The Reserve Bank of Australia has raised the cash rate by a further 25 basis points to 3.6%, marking the highest level since May 2012.

It was the tenth consecutive rate rise, representing the largest and the most rapid rate tightening cycle on record.

According to Canstar, the latest rate rise reflected a 50% increase in repayments since April 2022.

A borrower with a $500,000 loan over 30 years was expected to pay about $1,051 more per month or $12,612 extra per year in repayments than they were in April 2022.

“Household budgets are definitely feeling the strain – particularly when you combine the pressure from rising rates and higher living costs,” said Canstar Editor-at-Large Effie Zahos.

“The pressure is on for households to find the money to cover a 50% increase in monthly home loan repayments. There’s no quick fix here – they’ll need to either earn more or spend less. Earning enough to cover the increase in repayments from the last 10 consecutive rate hikes would require the average Aussie to work an extra 29 hours per month. That’s almost an extra week of work.”
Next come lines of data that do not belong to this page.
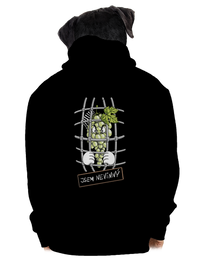 pánská mikina na zip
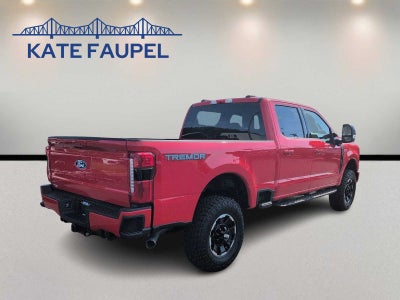 2027 Ford Super Duty F-250 SRW F-250® Lariat®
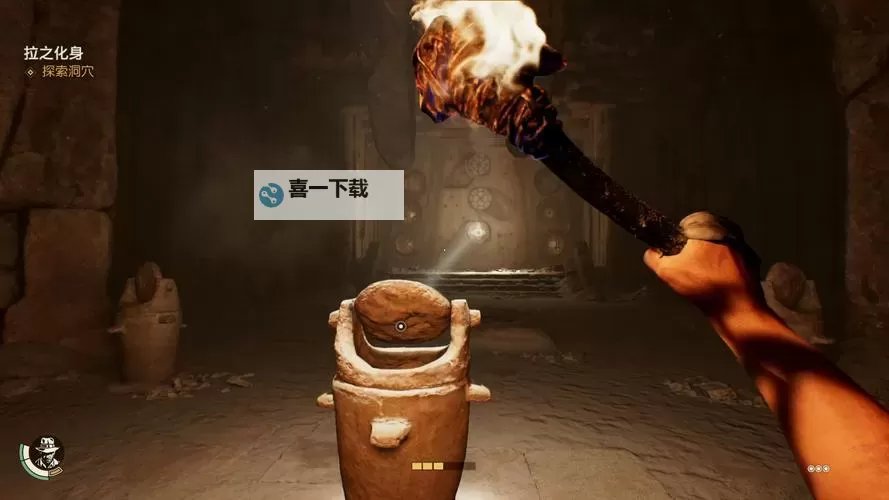 《夺宝奇兵古老之圈》赎罪古老之物解谜方法图1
CoreLogic Research Director Tim Lawless said with interest rates moving higher, they were still seeing housing risks skewed to the downside.
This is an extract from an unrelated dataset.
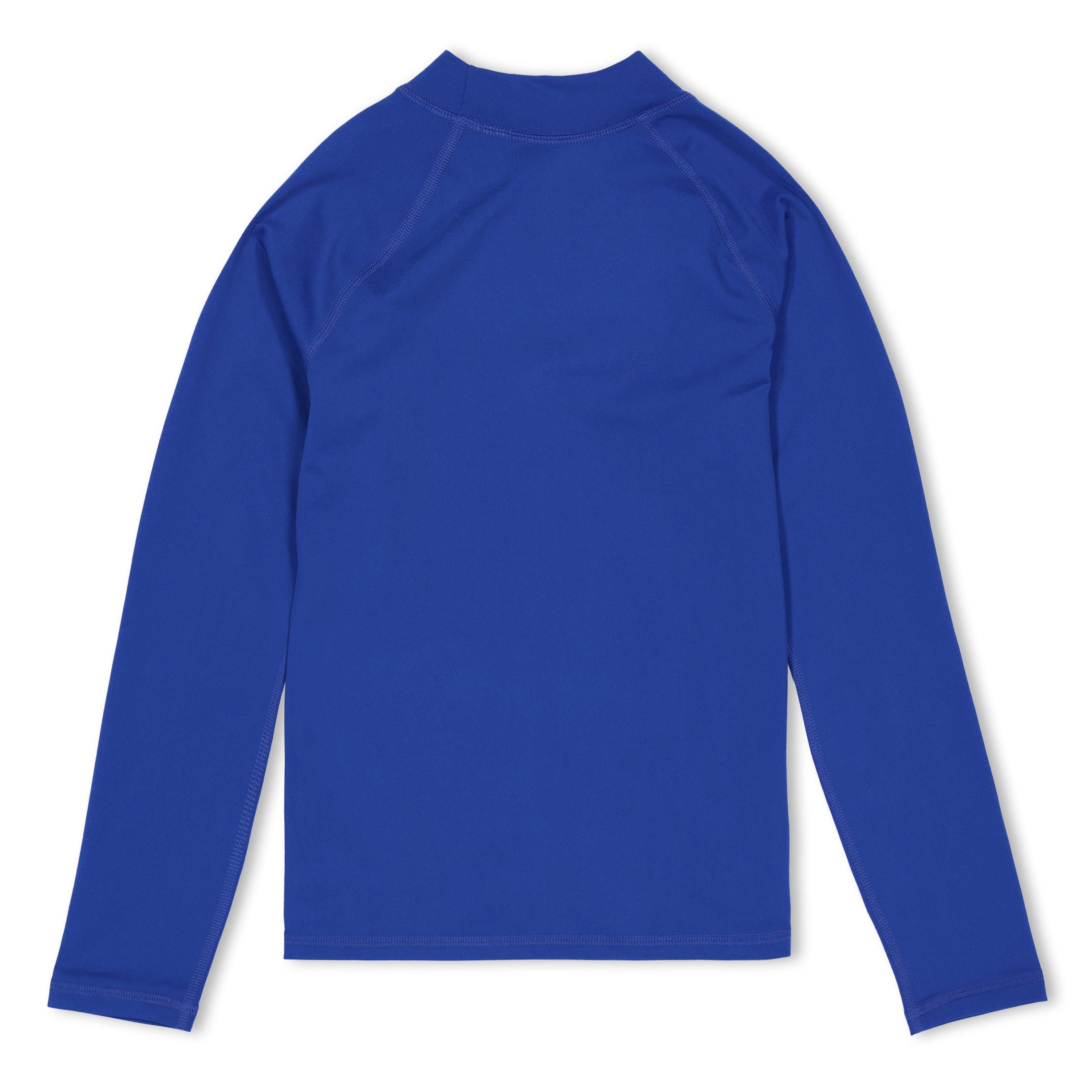 Bleu - Zoggs - Bells Long Sleeve Sun Juniors - 1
“Arguably the full extent of the aggressive rate hiking cycle is yet to flow through to households,” he said.

“Variable mortgage rate adjustments take some time to impact existing borrowers, and there is also a larger than normal portion of mortgages on fixed terms that have been insulated from rate hikes to date. As the ‘bulge’ in fixed rate lending that occurred through 2020 and 2021 expires, more households will see their interest repayments adjust higher.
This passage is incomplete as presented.